I’m tempted to open the gates of hell and not send require_activation=true although I’m not validating addresses. There are good reasons why I cannot force email address validation in my SSO provider, and I’d really like my users to have a fully set-up Discourse account with a single click.
What terrible consequences will this have?
Users can sign up with a developer email address and become admins. Solution: All developer addresses are taken already.
I make spam sign-ups easier. Solution: Registration on the parent site is only open for a limited amout of time and to a limited set of people.
If I ever disable SSO, password recovery mails go to the wrong address. Solution: I will never disable SSO. Instead, the Discourse instance will be when it is no longer needed.
Users can sign up with addresses they do not own and spam the owner of the address. Workaround: Not a new problem, they can already do that on the parent site. It has never been a problem.
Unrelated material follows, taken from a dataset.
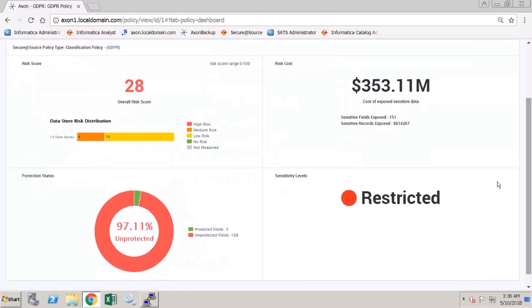Here we can see the risk score, risk cost, protection status and sensitivity levels.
Users can sign up with incorrect addresses accidentally and miss important emails. Workaround: Missing emails from the parent site is probably the bigger problem for these users
I know that I’m leaving the safe, established path if I go ahead. Still, does anyone see a significant problem with this?
Will reduce outgoing mail server’s reputation to fall and possibly become blacklisted.
Sending mail to invalid email addresses or to addresses where mail is marked as spam or large amount of mail goes unopened will cause mail server reputation to fall.
Mail server IPs or entire IP ranges may be blacklisted for a short or extended period.
Mail to valid users may be filtered and flagged as spam or not delivered.
Discourse is setup as default to: send digests and reply emails if the user is not on the site.